I do point out that under the party that claims to be supposedly good with the books we now have tax as a percentage of GDP at 25.8 per cent. Just to put that in context, that is at a similar level to that which Labor had during the global financial crisis. We are now in the fourth year of the Liberal and National parties' government and of them handling the books, and we have got tax at that amazing rate. Now, those that may have seen the Menzies show know that there are times when the nation can run deficits. But the Labor Party was lectured for years and years by those opposite before they came into office about how they were going to reach surplus. I think the Joe Hockey said that they were going to reach surplus within the first year. We have now had increased taxes and increased spending, as we saw finance minister discussing recently in that great train wreck of an interview with Leigh Sales on the 7.30 Report. But the party of supposedly responsible spending and taxing have shown that they have lost control of the situation.

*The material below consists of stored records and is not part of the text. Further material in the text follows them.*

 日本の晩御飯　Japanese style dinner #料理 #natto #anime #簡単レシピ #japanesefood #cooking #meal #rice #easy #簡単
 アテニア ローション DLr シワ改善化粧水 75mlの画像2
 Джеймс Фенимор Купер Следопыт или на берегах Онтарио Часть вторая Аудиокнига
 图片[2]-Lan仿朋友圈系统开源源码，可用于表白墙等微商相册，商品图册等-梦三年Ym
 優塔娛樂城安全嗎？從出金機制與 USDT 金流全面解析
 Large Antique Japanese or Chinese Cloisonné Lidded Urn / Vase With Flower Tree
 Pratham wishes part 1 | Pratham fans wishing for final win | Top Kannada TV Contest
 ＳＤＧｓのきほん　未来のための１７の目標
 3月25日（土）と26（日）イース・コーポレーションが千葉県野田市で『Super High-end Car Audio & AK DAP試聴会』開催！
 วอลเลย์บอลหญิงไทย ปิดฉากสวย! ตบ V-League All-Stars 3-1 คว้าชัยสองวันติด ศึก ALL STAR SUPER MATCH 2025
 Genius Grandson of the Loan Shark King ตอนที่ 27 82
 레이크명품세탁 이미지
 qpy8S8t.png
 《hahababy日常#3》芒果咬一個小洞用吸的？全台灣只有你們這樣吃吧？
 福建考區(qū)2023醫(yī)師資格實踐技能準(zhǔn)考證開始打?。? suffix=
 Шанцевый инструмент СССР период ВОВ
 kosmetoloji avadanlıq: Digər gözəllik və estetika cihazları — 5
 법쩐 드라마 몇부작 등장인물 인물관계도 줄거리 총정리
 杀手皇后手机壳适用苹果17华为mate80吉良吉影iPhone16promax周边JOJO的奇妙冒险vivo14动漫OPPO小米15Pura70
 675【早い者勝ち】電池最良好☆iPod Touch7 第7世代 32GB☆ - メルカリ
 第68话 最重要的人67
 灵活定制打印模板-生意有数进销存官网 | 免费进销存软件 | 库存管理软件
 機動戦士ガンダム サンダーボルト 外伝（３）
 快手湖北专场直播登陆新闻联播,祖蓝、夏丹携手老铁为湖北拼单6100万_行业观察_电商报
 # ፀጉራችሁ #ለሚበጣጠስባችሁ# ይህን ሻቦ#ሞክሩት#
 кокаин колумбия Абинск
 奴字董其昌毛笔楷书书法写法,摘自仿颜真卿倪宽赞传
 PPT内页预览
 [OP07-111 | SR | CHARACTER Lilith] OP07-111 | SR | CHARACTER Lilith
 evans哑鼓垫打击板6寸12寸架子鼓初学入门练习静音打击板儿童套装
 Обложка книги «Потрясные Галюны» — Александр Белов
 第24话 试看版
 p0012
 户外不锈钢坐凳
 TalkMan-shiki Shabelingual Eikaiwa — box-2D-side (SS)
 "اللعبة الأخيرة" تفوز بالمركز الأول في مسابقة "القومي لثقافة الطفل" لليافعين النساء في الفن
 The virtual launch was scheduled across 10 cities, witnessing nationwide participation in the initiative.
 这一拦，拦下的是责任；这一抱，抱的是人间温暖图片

Thankfully, in the Labor Party, we are still doing what we do well. Under Bill Shorten, we were not prepared to be a small target opposition in the lead-up to the last election, and ever since we have been prepared to take on budget repair. We did so before the election campaign—in fact, a year out. Labor's budget repair package would actually raise more than $80 billion over the medium term. But, obviously, because we are the Labor Party, it is budget repair that is fair. For example, when it comes to superannuation, our package is not retrospective. I know that people in Moreton were very worried about the retrospective changes that the government said that they would bring into effect. There has been some retreat from that, but there are other things that were rock-solid election promises that they are not prepared to back away from.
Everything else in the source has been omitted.